The other evening I addressed this topic to the Confirmation class, and I summed it up with the simple fact that a priest is a father, and just as it takes a man to be a father in a household, so also in the household of the Church. A mother, because of widowhood or the misfortune of a divorce, may have to fulfill as best she can some of the functions of a father to her children, but she cannot be a father for them. Same is true of a man and motherhood.
We tend these days to reduce everything to function, when in reality, when it comes to the most important things about human life, we should rather emphasize being instead of doing. “Doing follows being” wrote St. Thomas Aquinas. This is true especially in the domestic life and in ecclesial life.

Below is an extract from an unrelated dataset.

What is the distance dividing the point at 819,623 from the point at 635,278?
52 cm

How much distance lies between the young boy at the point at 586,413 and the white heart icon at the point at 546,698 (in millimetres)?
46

The Catholic Church, I know, is accused of discrimination against women in this matter, and if it were merely a matter of function, there would be some truth to the charge. But this is not the case. It’s a matter of the distinction between man and woman and the different functions that flow from their being one or the other. Again, a priest is a father, and fatherhood cannot flow from a being who is female, maternal.
Besides holding their “ordination” in a Jewish synagogue and subsequently pretending to offer “Mass” in a “church” that is not even Christian (Unitarians deny the Trinity, thus their name), another anomaly entertained by these two women is their insistence on the validity of their orders, since the “bishop” who “ordained” them was ordained in the apostolic succession. But that is the very same apostolic succession that has always taught and held that only a baptized male of right age can be ordained to the priesthood. The very institution that the two women need to be validly “ordained” is the very institution that tells them they cannot be validly ordained. Hmmm. Sounds like they too are a bit confused.